[RECORDED DATA Boundary: Start]

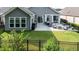 Beautiful backyard with a patio, lush greenery, and a privacy fence at 120 Bramble Ln, Clayton, NC 27527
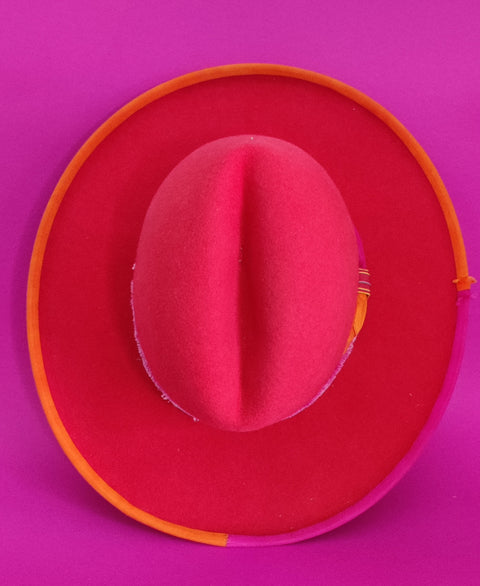 Lina Stein Millinery Red cowboy hat with orange band on a pink background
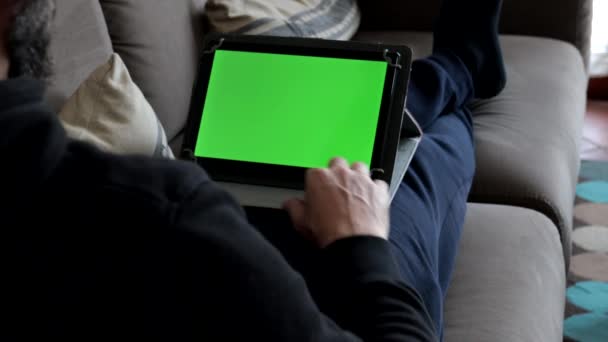 Een Man Die Thuis Bank Zit Een Groene Tablet Vasthoudt — Stockvideo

[RECORDED DATA Boundary: End]

Retype the whole listing, keeping every line identical and omitting all pictures.

# WRITTEN ANSWER:
 Beautiful backyard with a patio, lush greenery, and a privacy fence at 120 Bramble Ln, Clayton, NC 27527
 Lina Stein Millinery Red cowboy hat with orange band on a pink background
 Een Man Die Thuis Bank Zit Een Groene Tablet Vasthoudt — Stockvideo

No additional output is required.